注(2) 電子顕微鏡法では,条件によって,0.1 %の金属含有量まで測定可能である。
d) 試料の取り扱い及び保管 金属微粒子は粒子径が小さくなるほど粒子構成全金属原子数に対する表面
露出金属原子数の比が増大し,そのために粒子表面が酸化されたり,粒子間の凝集が引き起こされや
すくなる。このような微粒子に特有な不安定さを考慮して,測定中及び保管中の試料の変質には十分
な注意が必要である。

7. 測定可能な粒子径の範囲

 電子顕微鏡法では,透過電子顕微鏡(TEM)を用いる場合,測定可能な粒
子径の範囲は,おおむね1 nm以上である。
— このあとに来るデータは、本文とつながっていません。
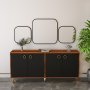 HANAH HOME Dekorativno ogledalo Atlantis Large Black - slika 2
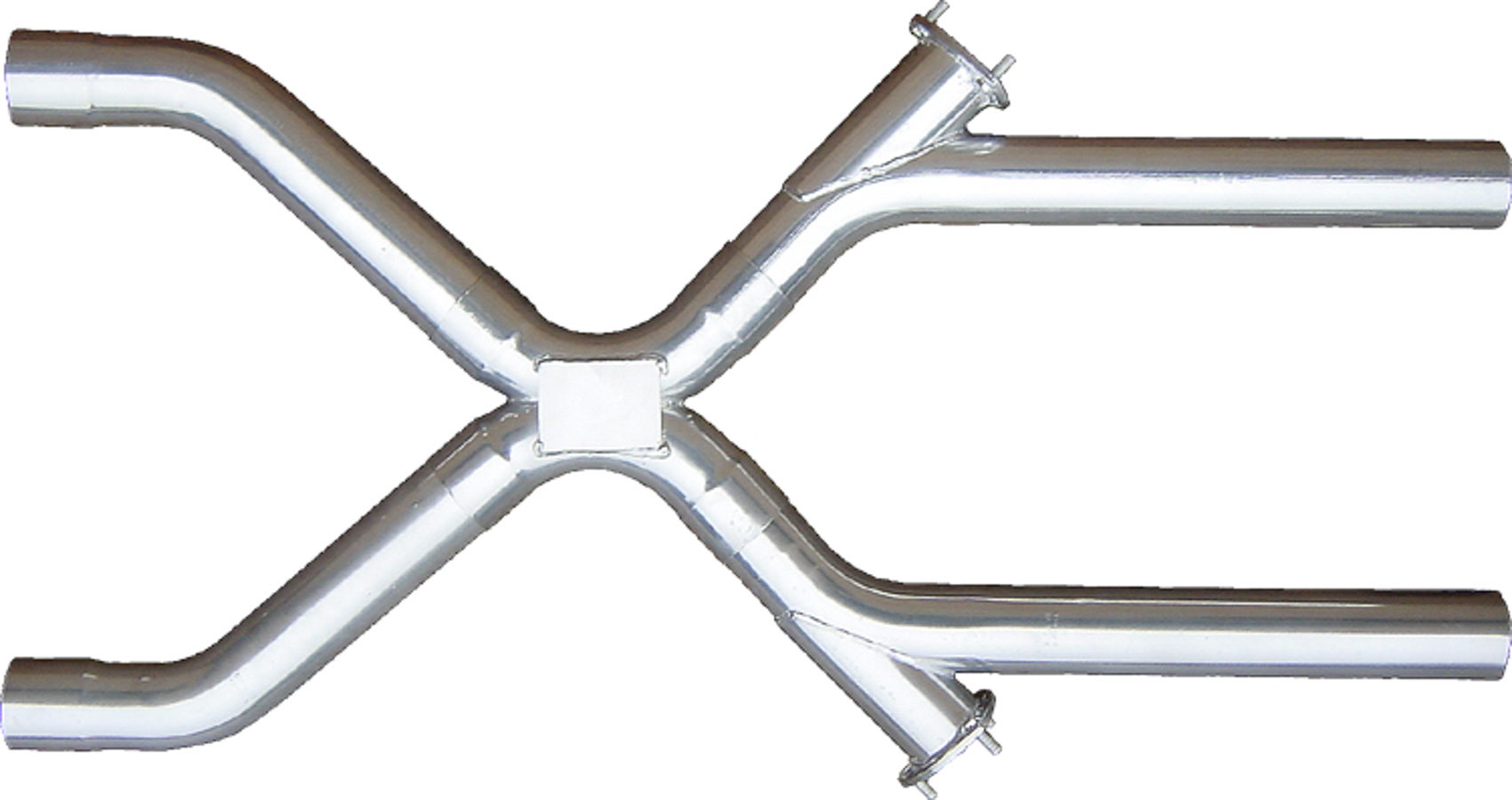 Exhaust X-Pipe, X-Change, 3 in Diameter, Dumps, Stainless, Natural, Universal, E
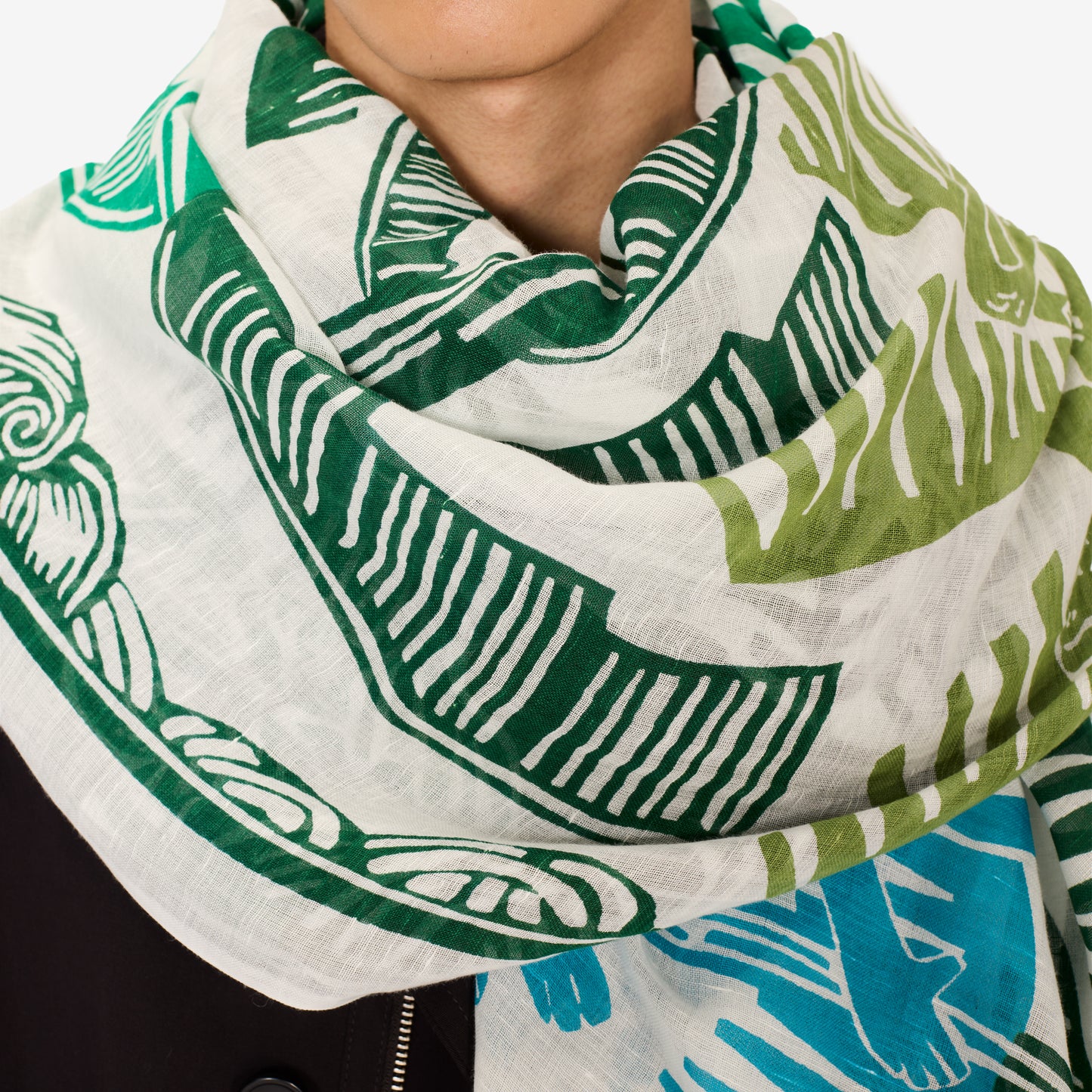 Scarf 100 - Jungle - Green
ただし,10 nmを超えると1次粒子であるか,1次粒子の凝集
体であるかの判別が必要である。一方,走査電子顕微鏡(SEM)を用いる場合,測定可能な粒子径の範囲
は,おおむね2 nm以上である。
X線回折法(XRD)では,おおむね2 nm以上100 nm以下の測定範囲について適用可能である。

8. 測定結果の表示

 測定結果の表示は,次による。
a) 電子顕微鏡法による測定結果の表示は,特に断らない限り,測定によって得られた個々の粒子径の統
計的処理によって求めた平均粒子径及び粒子径分布(標準偏差)とする。
b) 線回折法では,適切な解析式を用いて導出された結晶子径を粒子径として表示する。
備考 通常,電子顕微鏡法及びX線回折法を併用する。両者の測定結果が一致した場合は,測定値の
信頼性は高い。

9. 測定結果の図示

 測定結果の図示は, JIS Z 8819-1 による。